Annie slid back into the seat, uncapping the bottle beneath her sweatshirt. A burn later, and the edges began to soften. She stared out the window, daring Natasha to call her on it. But Natasha said nothing. Not yet.
The car filled with unspoken words, heavy as the storm outside.
Sam’s House – Late Evening
The townhouse smelled like home in a way Annie wasn’t used to—like real food, detergent, and warmth. It made her feel like a stain the second she stepped inside.
Steve lingered in the doorway, cautious but grateful. Natasha set the bags on the counter. Annie bolted for the upstairs bathroom.
She locked the door, leaned against it, and slid down until she was sitting on the tile. Her bag was still with her—because of course she’d kept it close. She dug into the lining where she always stashed something, just in case.
The pills rattled in their bottle. She popped two dry, then another swig of the vodka she’d smuggled up in her hoodie pocket. Her head swam almost instantly, the static in her veins going quiet.
She stared at herself in the mirror above the sink. Bloodshot eyes. Cracked lips. The faintest smear of dried blood still at her nostril from the memory of the Soldier’s strike.
She laughed—short, bitter, ugly.
Later
-
The sound of the television floated faintly from downstairs, Steve and Sam catching each other up in clipped voices. Natasha hadn’t joined them. Annie found her in the living room instead, sitting on the couch, barefoot, hair tied back in a loose knot.
The tumbler in Annie’s hand wasn’t water. Natasha didn’t need to ask.
“Annie,” Natasha said softly. Not a reprimand. Not a command. Just her name.
Annie froze like she’d been caught stealing. She set the glass down too quickly, the liquor inside sloshing over the rim.
Natasha stood, crossing the room in slow, even steps. When she stopped, it was so close Annie could smell her shampoo. She tilted her forehead down until it touched Annie’s.
For a long moment, neither of them breathed.
“I don’t want you to drown,” Natasha whispered.
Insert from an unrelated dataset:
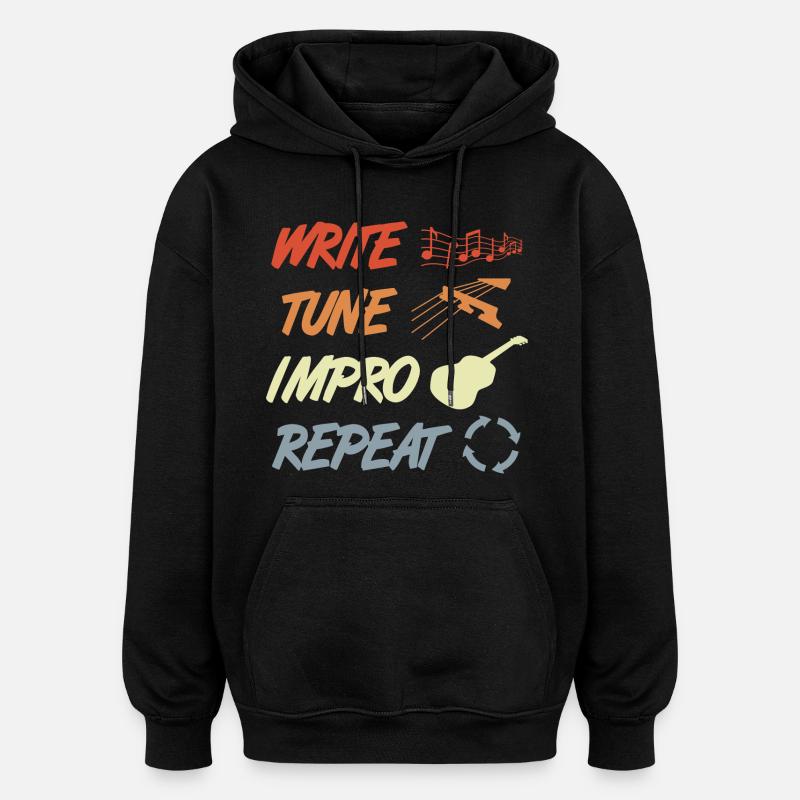 Routine de guitariste drôle - Sweat à capuche oversize unisexe - noir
The dam broke. Annie’s eyes burned, tears spilling before she could swallow them back. They streaked down her cheeks, sliding onto Natasha’s skin. Annie pressed her shaking hands to her face, ashamed and raw.
Natasha didn’t move away. She just let their foreheads stay pressed together, steadying them both.
Balcony – After Midnight
-
The city outside was alive in neon. Annie leaned against the railing, cigarette burning between her fingers, a half-empty glass of vodka on the ledge.
She slid her earbuds in and hit shuffle.
Graceland Too.
The opening chords cracked something deep. Her throat closed around the smoke, coughing once, but she didn’t stub the cigarette out. She inhaled again, slower, shakier.
The song bled through her like it had been waiting for this exact night. She gripped the railing tighter, blinking against the tears until the skyline blurred.
When the chorus hit, she let herself crumble, covering her mouth with one hand to keep quiet.
Church Basement, Brooklyn 12:36
-
Metal folding chairs. Coffee burnt in a pot. The smell of old carpet.
She sat in the circle, hoodie pulled low, trying to disappear. People around her spoke one by one—about bottoming out, about the wreckage they’d caused, about clawing back piece by piece
Every word was jagged, raw, true.
When the silence shifted to her, Annie’s throat sealed shut.
She tried to speak. Tried to say, Hi, I’m Annie, and I’m—
But the words didn’t come. Didn’t belong.
The circle waited. Then moved on.
Annie sat there with her nails biting into her palms, feeling like a ghost among the living.
Present
-
The song ended, fading into silence. The city noise swelled again, sirens in the distance, laughter from the street below.
Annie ground the cigarette into the ashtray, lit another immediately. Her hands shook too much to steady the lighter at first.
Inside, she heard Steve’s voice—calm, steady, always moving forward. Natasha’s lower, careful, like she was keeping him from pushing too hard.
Annie stood outside, alone, smoke curling around her like fog, the playlist still whispering songs she didn’t want to hear.
The night stretched on. The bottle beside her emptied. And the ghosts pressed in closer.
Because they weren’t done with her. Not yet.